11. What are my options when considering
how to get from paper to CAD? >>top
There are several methods that will help you take a paper
drawing or print into CAD. You could simply redraw from scratch
in a CAD program, you could create a vector file from the
drawing on a digitizing tablet, you could scan the drawing,
open it in a 'Head-up' digitizing program on your monitor
and digitize to vectors with a mouse much like the digitizing
tablet or you can use an automatic raster-to-vector program.
Tablet and head-up digitizing is subject to the skill and
eye-hand coordination of the operator. Studies have shown
that as digitizing operators tend to wander off the original
lines by as much as 1/32 of an inch as they progress through
a days work. Automatic raster-to-vector conversion will provide
you with editable vectors in a fraction of the time of other
methods.
12. What is the difference between
accuracy and precision in vectorizing
Repeating the point above: Scanning paper to create a raster
image does not improve the quality in any way. As a matter
of fact the scan is a less perfect than the original. Vectorizing
software of any type can only vectorize that which it can
'see', the pixels in the raster image. The resultant vectors
are no more perfect than the raster.
Vectorizing is accurate to the extent that the vectors are
an accurate representation of the raster image. Is this 'accuracy'
good enough for your application? Perhaps. But if it isn't,
the vectors can be edited to make the vector file as precise
as you require. Remember, vectors can be made to be mathematically
perfect, rasters cannot.
13. Horizontal and vertical vector
lines on screen do not appear to be straight, but they were
in the original drawing. Why? >>top
What you see on screen is only a visual display of the actual
stored CAD file and does not represent what the file will
create on a plotter or printer. The vector points, also seen
on screen, more accurately depict the vectors as they will
be plotted. What you are seeing is the result of a slightly
askew scan.
When a computer depicts straight lines on screen they will
appear straight, without a jagged appearance, only when they
are absolutely square to the screen's matrix. That is if they
are perfectly parallel to or at right angles to the horizontal
scan of the monitor
If they are slightly off square the computer tells the screen
to depict the straight line as a Cathode Ray Tube scan series
which might be: Fill 100 pixels horizontally, go down 1 pixel,
fill 100 pixels horizontally, etc.
It is this small one or two pixel step down which makes straight
lines appear to have a jog or appear jagged on screen. The
underlying vector which it is representing is a single point-to-point
line.
Consider the jogs to be an optical aberration on the monitor
screen and not representative of the actual vector. In TracTrix,
one can see the actual vector points at each end of the line
by clicking on the line.
14. How come some vector files are
bigger than raster files of the same image?
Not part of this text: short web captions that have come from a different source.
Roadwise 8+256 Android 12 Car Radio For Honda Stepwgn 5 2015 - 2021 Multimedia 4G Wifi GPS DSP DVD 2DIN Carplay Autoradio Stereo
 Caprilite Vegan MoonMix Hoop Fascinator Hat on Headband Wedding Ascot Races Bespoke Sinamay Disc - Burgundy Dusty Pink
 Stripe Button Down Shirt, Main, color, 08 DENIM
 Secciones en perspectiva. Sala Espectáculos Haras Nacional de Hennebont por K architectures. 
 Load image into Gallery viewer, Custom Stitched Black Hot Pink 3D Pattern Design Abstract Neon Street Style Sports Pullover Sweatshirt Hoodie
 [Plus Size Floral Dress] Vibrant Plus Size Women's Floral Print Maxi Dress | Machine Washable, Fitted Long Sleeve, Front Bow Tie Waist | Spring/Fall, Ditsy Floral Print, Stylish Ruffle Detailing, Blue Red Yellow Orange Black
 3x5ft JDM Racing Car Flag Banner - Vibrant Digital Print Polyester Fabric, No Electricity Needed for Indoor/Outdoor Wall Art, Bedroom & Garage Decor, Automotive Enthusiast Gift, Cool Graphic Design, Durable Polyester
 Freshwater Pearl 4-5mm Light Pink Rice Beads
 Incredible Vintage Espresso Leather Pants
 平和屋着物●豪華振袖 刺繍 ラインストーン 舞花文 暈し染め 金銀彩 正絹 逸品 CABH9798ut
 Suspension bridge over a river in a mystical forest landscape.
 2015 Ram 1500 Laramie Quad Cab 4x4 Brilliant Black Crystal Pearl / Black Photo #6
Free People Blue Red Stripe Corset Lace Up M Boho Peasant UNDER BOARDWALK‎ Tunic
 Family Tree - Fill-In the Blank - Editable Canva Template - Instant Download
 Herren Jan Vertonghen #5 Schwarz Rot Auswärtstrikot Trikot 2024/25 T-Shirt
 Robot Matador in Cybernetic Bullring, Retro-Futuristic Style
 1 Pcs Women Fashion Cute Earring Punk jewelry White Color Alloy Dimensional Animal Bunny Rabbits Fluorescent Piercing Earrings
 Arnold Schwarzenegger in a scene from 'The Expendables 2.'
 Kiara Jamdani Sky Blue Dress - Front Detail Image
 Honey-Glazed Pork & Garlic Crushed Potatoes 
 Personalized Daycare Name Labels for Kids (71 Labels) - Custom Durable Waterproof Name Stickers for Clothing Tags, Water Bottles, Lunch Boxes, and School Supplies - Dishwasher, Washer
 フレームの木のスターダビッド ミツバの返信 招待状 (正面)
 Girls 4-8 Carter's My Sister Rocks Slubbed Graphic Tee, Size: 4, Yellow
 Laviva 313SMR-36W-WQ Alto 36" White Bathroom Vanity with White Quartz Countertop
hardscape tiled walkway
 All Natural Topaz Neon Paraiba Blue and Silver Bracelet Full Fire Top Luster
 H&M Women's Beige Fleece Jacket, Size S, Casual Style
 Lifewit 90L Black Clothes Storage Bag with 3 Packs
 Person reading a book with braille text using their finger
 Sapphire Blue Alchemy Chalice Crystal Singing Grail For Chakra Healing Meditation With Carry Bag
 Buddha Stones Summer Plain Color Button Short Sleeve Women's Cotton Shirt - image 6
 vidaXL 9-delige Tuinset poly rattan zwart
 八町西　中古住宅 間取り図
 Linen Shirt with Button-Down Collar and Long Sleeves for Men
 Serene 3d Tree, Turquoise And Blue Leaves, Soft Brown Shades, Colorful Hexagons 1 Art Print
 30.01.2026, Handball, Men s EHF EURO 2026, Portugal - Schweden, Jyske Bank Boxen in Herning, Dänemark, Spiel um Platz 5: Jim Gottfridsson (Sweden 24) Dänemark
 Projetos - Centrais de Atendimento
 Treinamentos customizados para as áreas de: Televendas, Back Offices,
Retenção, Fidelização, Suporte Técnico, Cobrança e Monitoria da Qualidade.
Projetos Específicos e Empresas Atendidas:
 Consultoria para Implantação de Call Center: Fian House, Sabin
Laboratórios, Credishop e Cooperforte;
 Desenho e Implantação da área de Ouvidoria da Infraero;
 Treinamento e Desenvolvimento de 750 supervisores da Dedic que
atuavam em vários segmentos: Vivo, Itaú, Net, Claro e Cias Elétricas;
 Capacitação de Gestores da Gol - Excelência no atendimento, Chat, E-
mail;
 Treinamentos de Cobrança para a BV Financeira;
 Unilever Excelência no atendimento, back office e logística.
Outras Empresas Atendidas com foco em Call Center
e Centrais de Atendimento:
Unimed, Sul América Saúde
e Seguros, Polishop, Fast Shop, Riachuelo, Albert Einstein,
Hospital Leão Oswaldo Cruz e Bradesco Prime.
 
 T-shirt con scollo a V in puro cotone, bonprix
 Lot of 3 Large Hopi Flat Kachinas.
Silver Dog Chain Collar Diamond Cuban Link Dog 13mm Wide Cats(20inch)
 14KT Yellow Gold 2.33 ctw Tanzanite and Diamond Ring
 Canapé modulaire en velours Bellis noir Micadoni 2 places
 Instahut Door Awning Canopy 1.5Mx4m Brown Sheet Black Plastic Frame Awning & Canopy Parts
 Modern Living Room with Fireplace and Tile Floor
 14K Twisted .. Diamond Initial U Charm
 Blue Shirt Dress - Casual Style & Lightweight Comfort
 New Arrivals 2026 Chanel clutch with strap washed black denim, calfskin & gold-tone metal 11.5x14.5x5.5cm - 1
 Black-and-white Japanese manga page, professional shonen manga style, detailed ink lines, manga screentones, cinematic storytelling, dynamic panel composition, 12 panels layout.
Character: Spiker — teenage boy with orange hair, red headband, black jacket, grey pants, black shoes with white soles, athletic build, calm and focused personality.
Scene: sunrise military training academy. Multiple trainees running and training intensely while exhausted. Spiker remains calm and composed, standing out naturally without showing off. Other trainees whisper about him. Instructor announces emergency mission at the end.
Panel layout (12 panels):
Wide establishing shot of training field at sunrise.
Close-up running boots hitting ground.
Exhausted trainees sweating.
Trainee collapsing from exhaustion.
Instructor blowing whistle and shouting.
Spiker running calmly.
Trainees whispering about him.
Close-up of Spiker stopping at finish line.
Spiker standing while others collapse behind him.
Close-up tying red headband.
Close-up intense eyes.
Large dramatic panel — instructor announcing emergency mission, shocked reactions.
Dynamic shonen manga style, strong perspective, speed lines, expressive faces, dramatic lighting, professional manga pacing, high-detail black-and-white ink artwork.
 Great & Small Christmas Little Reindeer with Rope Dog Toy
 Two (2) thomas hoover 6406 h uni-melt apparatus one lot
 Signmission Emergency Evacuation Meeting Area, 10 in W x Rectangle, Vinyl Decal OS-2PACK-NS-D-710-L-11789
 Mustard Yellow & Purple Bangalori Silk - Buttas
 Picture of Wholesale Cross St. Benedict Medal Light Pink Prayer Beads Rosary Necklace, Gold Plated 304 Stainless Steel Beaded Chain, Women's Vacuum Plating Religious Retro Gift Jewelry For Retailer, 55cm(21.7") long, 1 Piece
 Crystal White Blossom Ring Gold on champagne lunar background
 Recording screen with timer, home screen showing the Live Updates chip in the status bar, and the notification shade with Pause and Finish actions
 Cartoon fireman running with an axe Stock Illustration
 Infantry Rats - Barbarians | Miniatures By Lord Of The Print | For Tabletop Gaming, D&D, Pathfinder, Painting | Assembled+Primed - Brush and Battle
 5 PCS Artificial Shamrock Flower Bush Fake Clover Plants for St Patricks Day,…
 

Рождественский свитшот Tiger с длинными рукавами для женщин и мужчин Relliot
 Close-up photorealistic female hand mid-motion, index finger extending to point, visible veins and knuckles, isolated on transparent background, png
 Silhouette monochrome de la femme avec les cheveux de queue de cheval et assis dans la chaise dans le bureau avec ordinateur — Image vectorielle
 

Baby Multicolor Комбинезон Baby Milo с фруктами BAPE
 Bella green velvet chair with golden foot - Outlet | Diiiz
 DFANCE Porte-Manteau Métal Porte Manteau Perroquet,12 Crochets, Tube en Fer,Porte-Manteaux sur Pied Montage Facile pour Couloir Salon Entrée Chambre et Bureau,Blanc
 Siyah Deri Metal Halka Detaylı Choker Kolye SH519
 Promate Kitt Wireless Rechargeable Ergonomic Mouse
The raster image size is based upon the resolution (dpi)
and the physical size of the image. The vector file size is
based upon the number of vector entities required to represent
the raster file. The relationship between the two varies with
the content of the drawings, the entity types in the vector
file, the raster format used and whether there is compression
in the raster format.
15. How can I publish engineering drawings
on the Internet?
The simplest method is to rasterize completed CAD designs
from DWG or DXF to a raster format that can be viewed by a
Web Browser. These formats are PNG, JPEG or GIF. These can
be published using the regular IMG tag in HTML. TracTrix and
Trix RasterServer produce the PNG format for this purpose.
The user needs nothing more than a recent Web Browsing software.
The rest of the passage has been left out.